Cay 1, located 3.7 km from Pag-asa, is in direct line of sight from the island’s port. Batongbacal said.

“The sandbars are closer to fishing grounds and served as resting and safe anchorage places for fishermen based on Pag-asa,” he said.

He said the sandbars allow Filipinos to fish at the underlying reefs about 11 km to 14 km from Pag-asa.

“Take those areas out of reach and we are basically limited to around two nautical miles (3.7 km),” he said.

The presence of Chinese vessels also potentially threatens aerial access to the island as the other three sandbars are located along the western path or approach to Pag-asa’s 1.2-km runway, he added.

The Philippines tried to build a shelter on Cay 1 in 2017 but stopped after China protested, citing an agreement not to occupy new features in the South China Sea.

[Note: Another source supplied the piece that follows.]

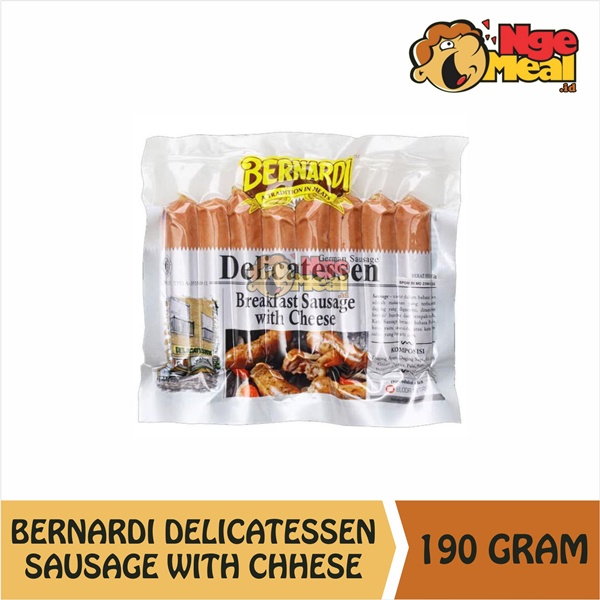 

BERNARDI Delicatessen Breakfast Sausage with Cheese 190 Gram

The Philippine Navy is also beefing up its forces in the West Philippine Sea and redeployed this week a former Hamilton-class cutter, which it had acquired from the US Coast Guard.

Back on duty
The BRP Andres Bonifacio (PS-17) returned to duty on Wednesday after undergoing repair and maintenance over two months.

“The return of PS-17 will definitely strengthen our requirements in the West Philippine Sea,” said Vice Adm. Alberto Carlos, commander of the military’s Western Command (Wescom) based in Palawan.

The 115-meter ship has a cruising range of around 22,400 km with a speed up to 28 knots. It is armed with 76-mm automatic cannons, light cannons and .50-caliber machine guns.

The ship secures the service contract areas of the Department of Energy and two oil platforms northwest of Palawan.

The Navy also has two brand-new frigates, several cargo ships and small patrol boats deployed in the West Philippine Sea.